Для писателей, подобных Тургеневу, закономерно стремление к некоей недоговоренности, а порой и двусмысленности финала. Двусмысленности, приводящей к прямо противоположным интерпретациям произведения читателями и критикой. Замечателен финал «Отцов и детей». Повествователь настаивает на возвращении героя через «вечное примирение» к «жизни бесконечной». Неслучайно Герцен, одобрив финал, поспешил предупредить автора об опасности «дать стрекача в мистицизм»13. Там, где подлинное, естественное возвращение героя невозможно, а необходимость его осознается художником, возникает возвращение в «снятом», в том числе мистическом, виде.
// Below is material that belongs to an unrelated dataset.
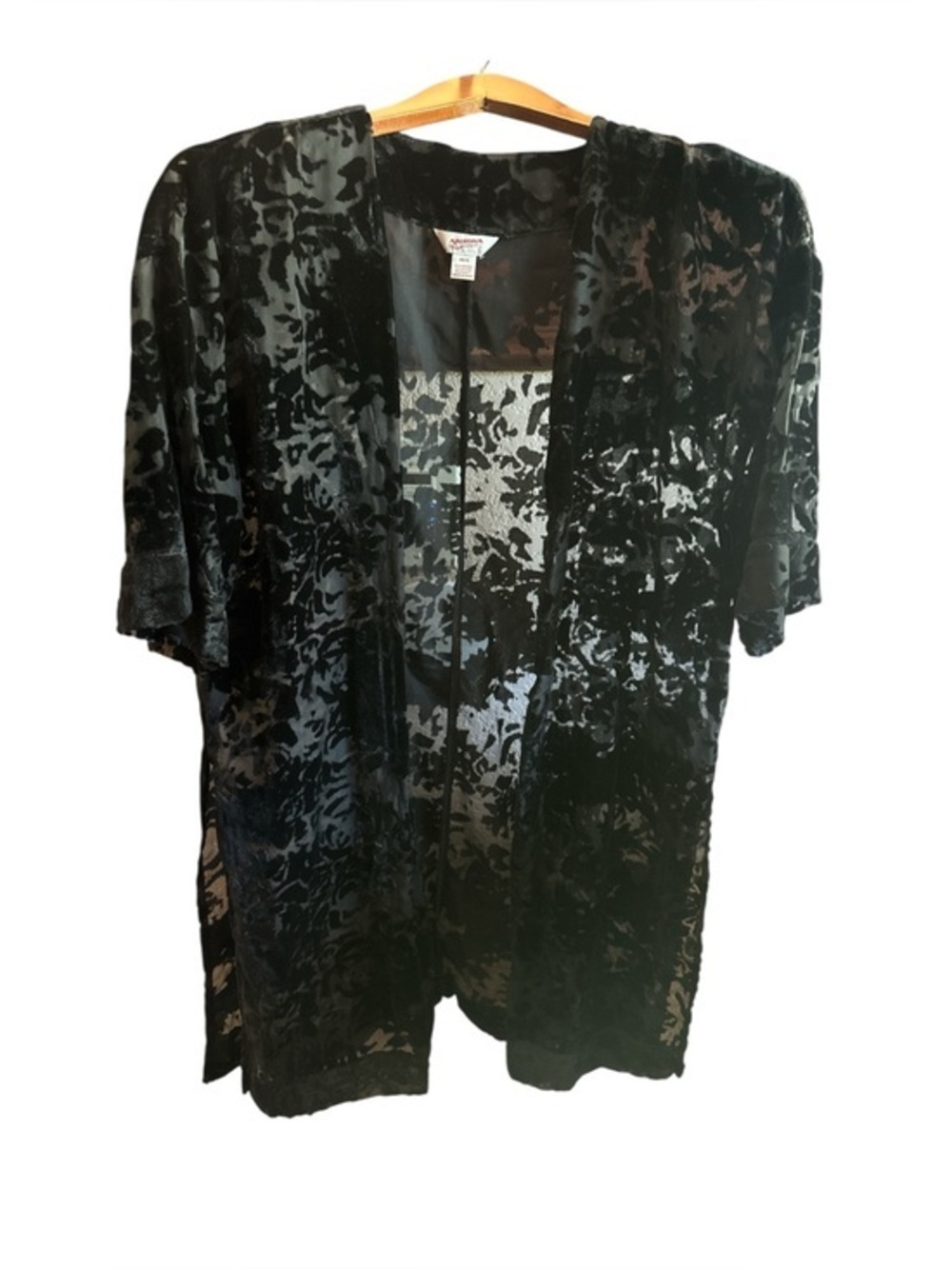 Arizona Jean Company Black Velvet Burnout Sheer Mesh Short Sleeve Open Cardigan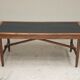 Vintage workshop folding table in oak with a hand-patinated black top.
__________________________

13 Письмо Герцена Тургеневу от 9 апреля 1862 г.: «Requiem на конце ‒ с дальним апрошем к бессмертию души ‒ хорош, но опасен, ты эдак не дай стрекача в мистицизм». Цит. по: Переписка И. С. Тургенева: В 2 т. Т. 1. М., 1986. С. 222.

// С. 157

 

Так, как в свое время вернулся Акакий Акакиевич Башмачкин. Вытеснение христианского начала, как уже многократно доказывалось, автоматически ведет к замещению освободившегося места мистическим, модифицированным язычеством.

В творчестве Тургенева мы видим, как, мучительно пробиваясь через абстрактный холодный прогрессизм, человеческая природа стремится взять свое и застывает перед невозможностью поверить в чудо (один из сквозных мотивов Тургенева ‑ от молитвы Елены в «Накануне» до стихотворения в прозе «Молитва»). Но в том-то и дело, что чудо не нужно искать где-то вовне, оно уже заложено в самом человеке, заложено в виде неумирающего нравственного закона, в соответствии с которым блудный сын не может, оставаясь подобием Божиим, не возвратиться к Отцу.

Примеры и доказательства можно было бы продолжать и продолжать. Но цель данной работы ‒ лишь в постановке проблемы, в предположении, что воздействие архетипа «блудного сына» на русскую литературу объективно существовало и порой становилось краеугольным камнем мировоззренческой позиции писателя.

В заключение еще одно замечание, уточняющее вышеизложенное. Степень усвоенности евангельского предания, переход его и на бессознательный уровень, на уровень архетипов, конечно же, проявлялись и в традиции, противоположной «пушкинской». Это свойство особенно ярко проступает во внешне парадоксальном «теизме» всяческих «воинствующих безбожников». По сути дела, подлинных атеистов русская литература практически не знала (скорее всего, и не могла знать). Был рационализм, было богоборчество, но не было индифферентности. Всяческие атеистические лозунги сопровождались именно борьбой. Но не с привычкой, не с воспитанием, не со средой даже. Это была борьба с отвергаемым «прогрессистами», но сильным и требовательным зовом к возвращению блудного сына.